Backup File Retention - a cautionary tale

We have a number of backup plans, but the most common, for a database in Full Recovery, is:

  • Full backup on a Sunday, retained for 4 weeks
  • Diff backup each night, retained for 14 days
  • TLog backup every few minutes, retained for 7 days

The backup files get immediately copied to a mirror-server somewhere else in the building, and then "a bit later on" sent to our Cloud Backup facility.

I have an SProc that makes a backup - that makes sure that the physical file is in the correct folder, with all the other backups, gets copied to the Mirror Server etc., and is added to our Admin Database so that the Housekeeping job purges it at the appropriate time - so absolutely zero chance that, come The Disaster!!, there is one missing backup that some TWIT took and stored in gawd-knows-what-folder ...

That Sproc has parameters for DB Name and Backup Type (Full, Diff, TLog) and also optional parameters for a Description and Retention days.

So ... yesterday (i.e. a Tuesday) I wanted to restore Production to QA so the Users could try out some stuff.
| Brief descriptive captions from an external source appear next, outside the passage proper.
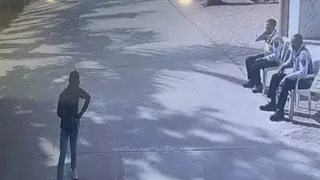 ‘Tell The Principal I Fired The Shot’: Youth Opens Fire Inside JV Jain College Campus; Act Caught On CCTV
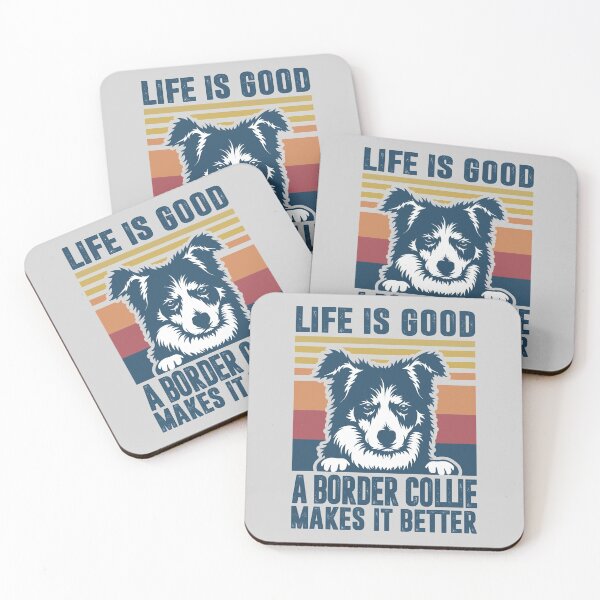Item preview, Border Collie Gifts For Women Men Dog Mom Dad Border Collie designed and sold by merch8002.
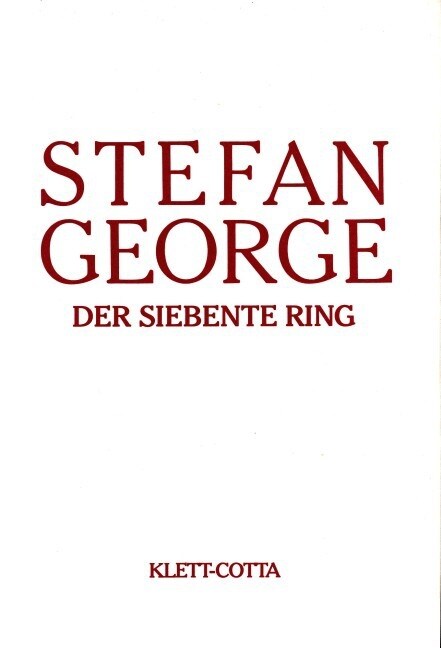 Der siebente Ring (Hardcover)
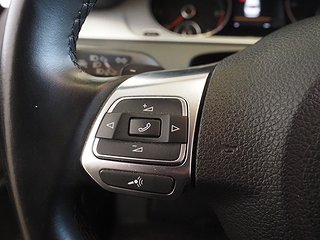 Sportkupé Volkswagen CC 17 av 20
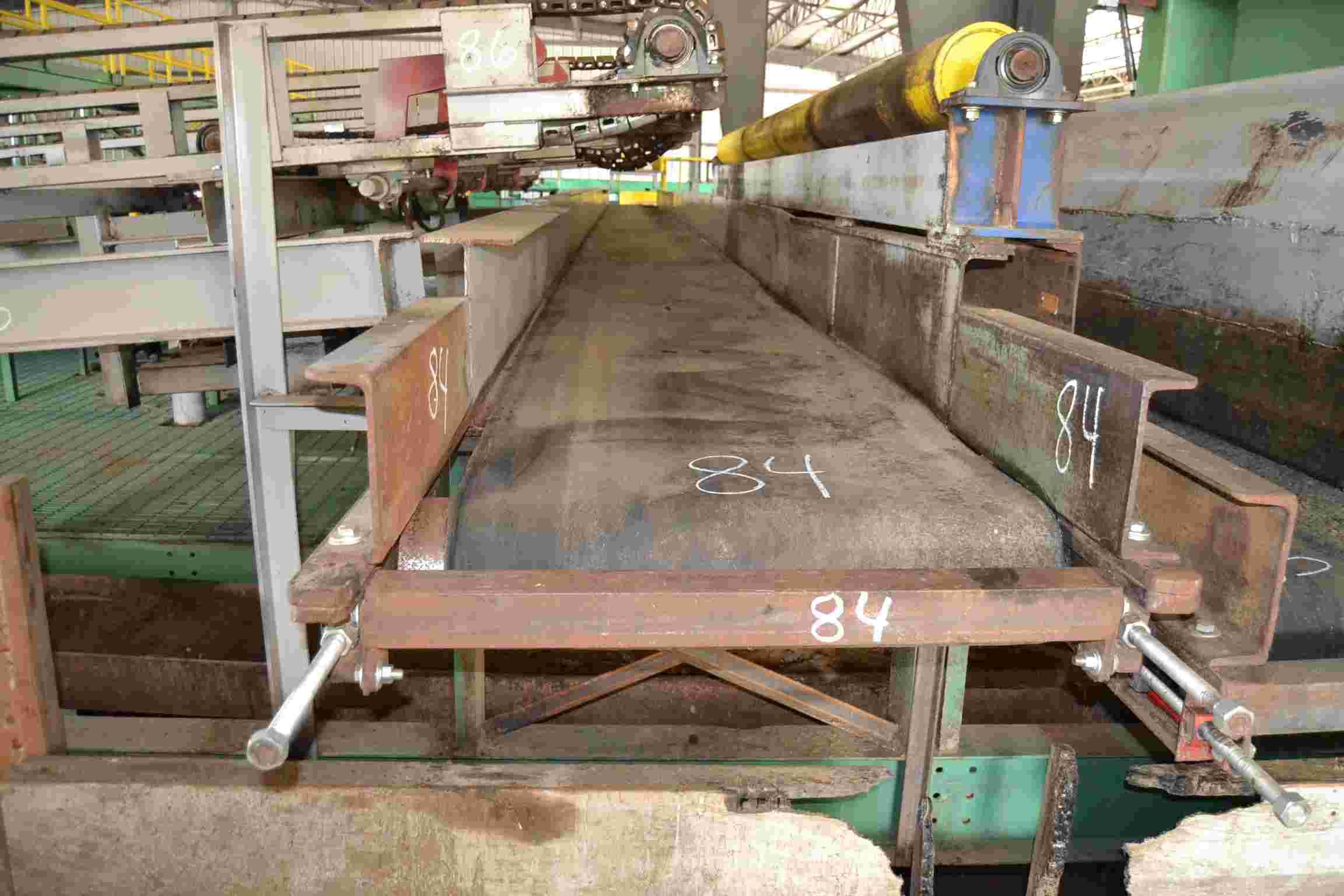 LIGNA 36"X58' BELT TRANSFER W/ DRIVE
The Users said "Last Thursday around 2PM" would be a good starting point. No problem, we have TLog backups for 7 days ...
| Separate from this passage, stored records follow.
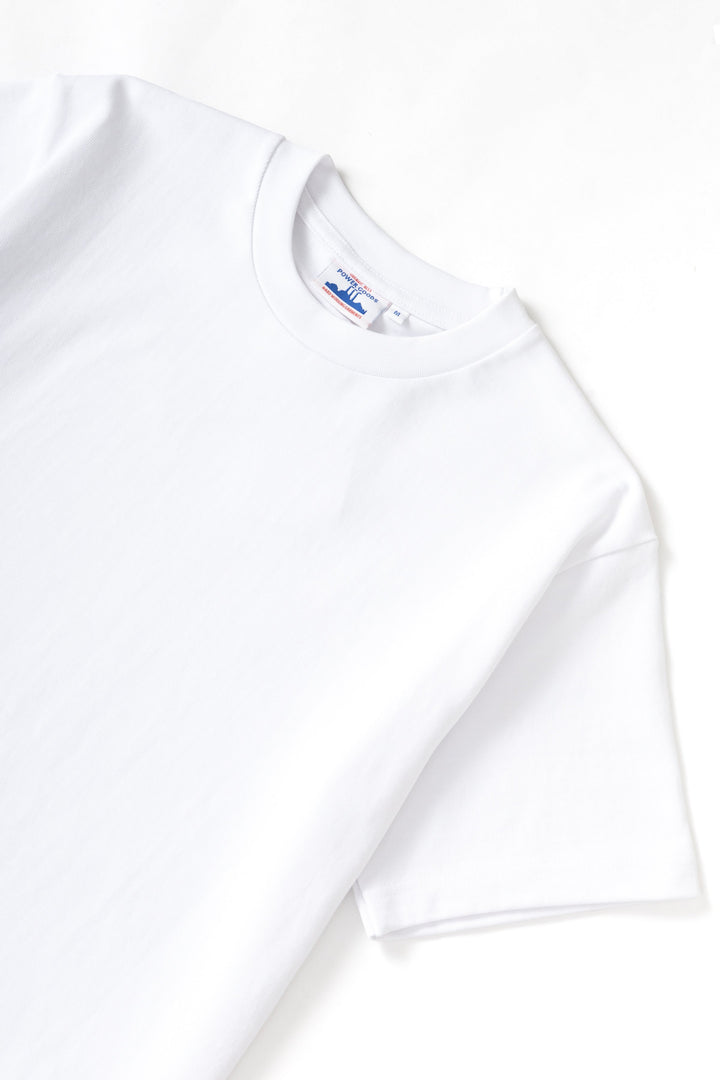 Super Weight T-Shirt - White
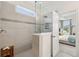 Large walk-in shower with tile surround at 2186 Midden Dr, Mount Pleasant, SC 29466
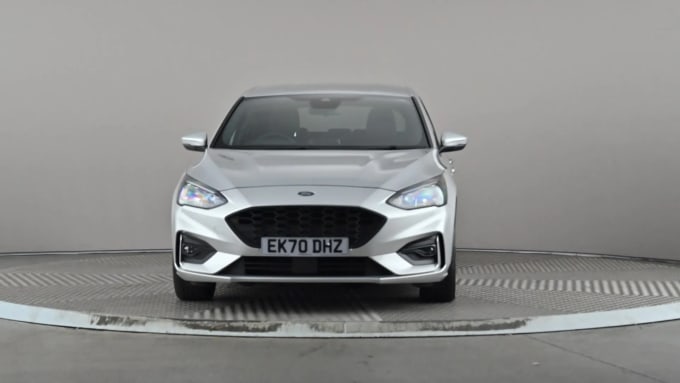 2020 Ford Focus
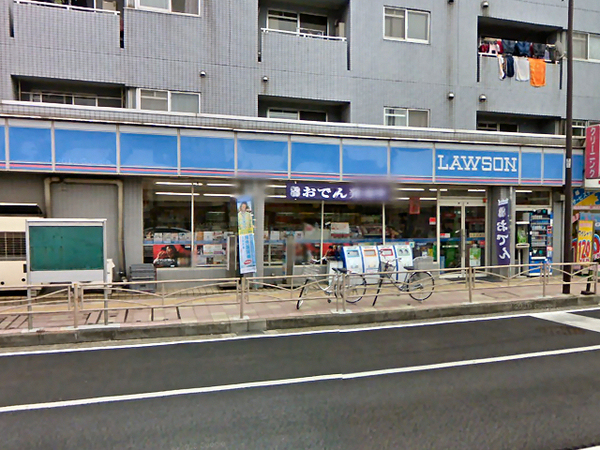 横浜市磯子区磯子２丁目の中古一戸建て(ローソン磯子二丁目店)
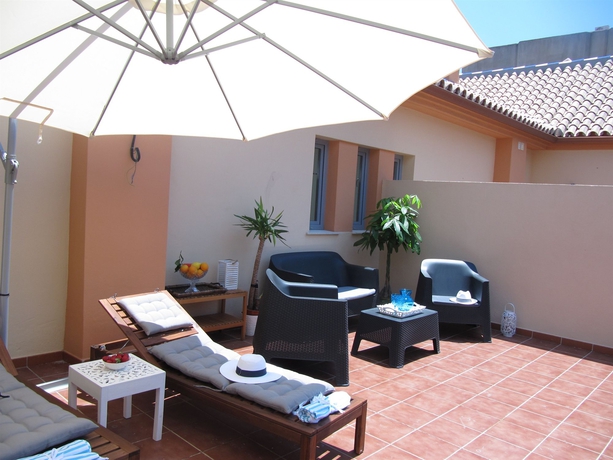 Imagen general del Apartamentos Life Apartments Alameda Colon. Foto 7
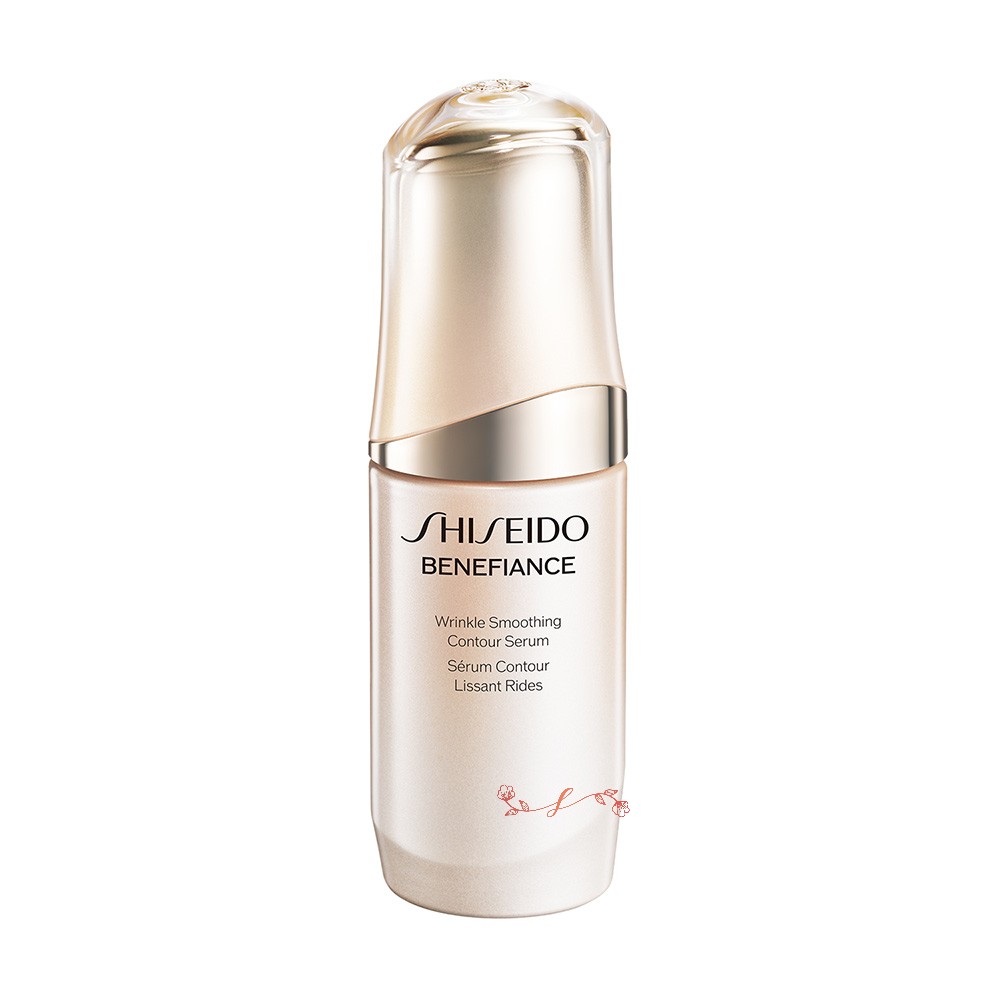 shiseido 資生堂 ベネフィアンス リンクル スムージング コントア セラム 30mL／美容液［医薬部外品］国内正規品｜sunfini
So I figured out the appropriate Full (two Sundays ago), and the Diff (last Thursday 1AM) and the all the TLog files since that Diff up to Thursday 2PM. (I have an SProc that does all that and generates a script for me ...)

When it came to restore the DIFF I got the error message that the LSNs were not contiguous. Blast!
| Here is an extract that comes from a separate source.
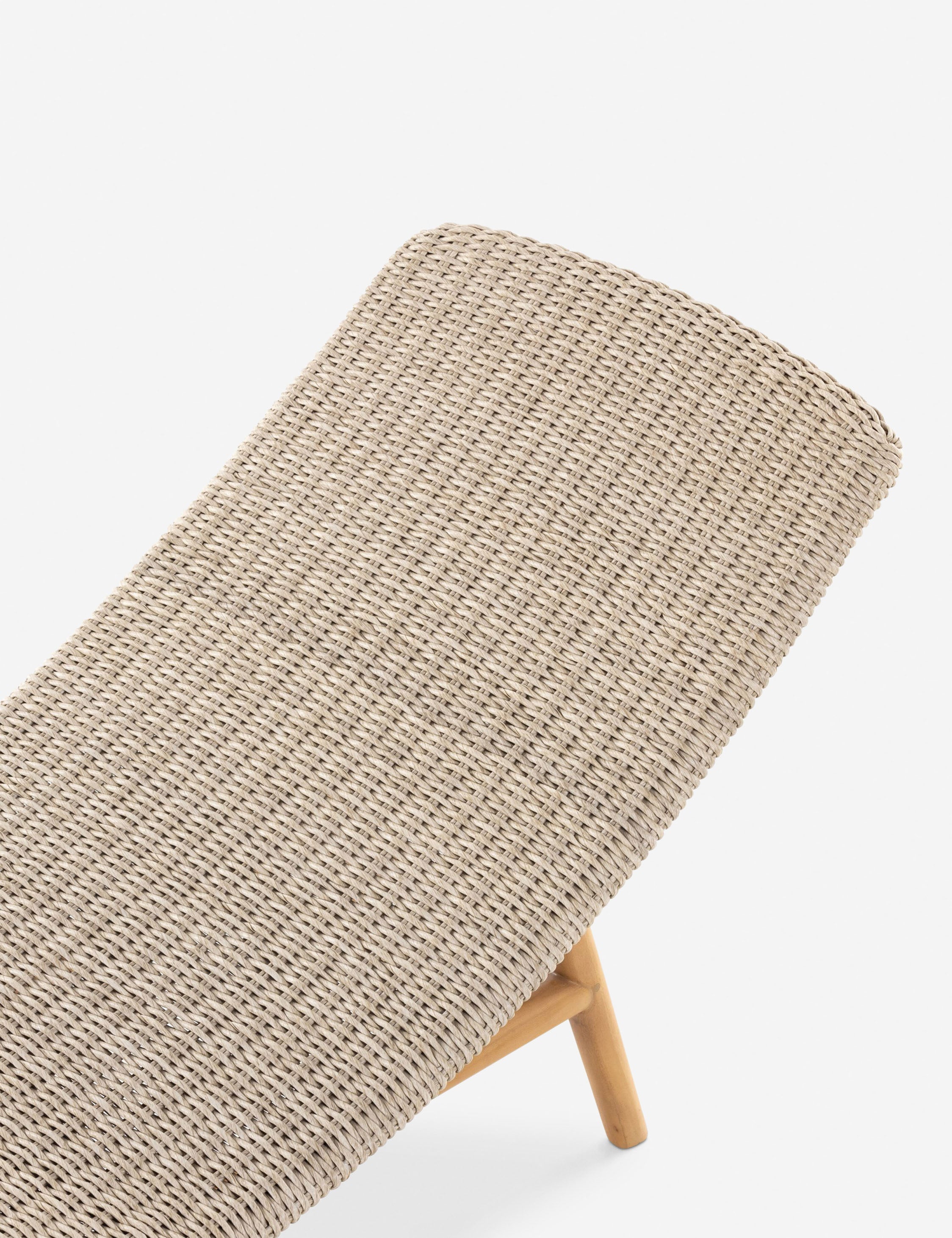 Lulu and Georgia - Manila Indoor / Outdoor Chaise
Checked the MSDB Backup History and Yup! another Full backup was made last Wednesday. Hmmm ... why was that not selected in my script? Check the disk - file not there. Check our Admin Database history and the Wednesday backup was made with a SEVEN day retention. Then the penny dropped - the Backup SProc has a default Retention Days = 7 - which seemed like it would be SPANNED by any routine backups.

Double-Blast!

Of course I could get the file back from Cloud, but that's sufficient hassle that I didn't bother ... we just used a later restore version for our QA test ...

... but I have changed the Backup Sproc so that the default retention time is 14 days for Full, and 7 days for Diff and TLog.

I've been promising myself that the Housekeeping would only remove files once both the Retention Date had passed AND any Child Backups had been deleted - so a DIFF would not be deleted until were no TLog backups that depended on it, and a FULL would not be deleted if any DIFFs depended on that ... that would prevent this issue, but the chances of me getting around to doing that are "slim".

I could add a COPY_ONLY option to the Backup Sproc, but I've never felt the need for that in my line of work - I certainly use it when doing an adhoc backup on someone else's server. When I take a FULL backup, before trying something "potentially dangerous", it seems to me that its fine that that backup file just forms part of the normal backup set ... but the files do need to hang around long enough to be useful!

Is there a chance that a Dev tried to beat you to the punch and created a backup themselves, not knowing that it would make the previous logs useless?

It was me that took that backup :frowning: I just left the (optional) RetentionDays at default value ...

... but its a good-enough suggestion for a gag around April Fools day ...!

:joy: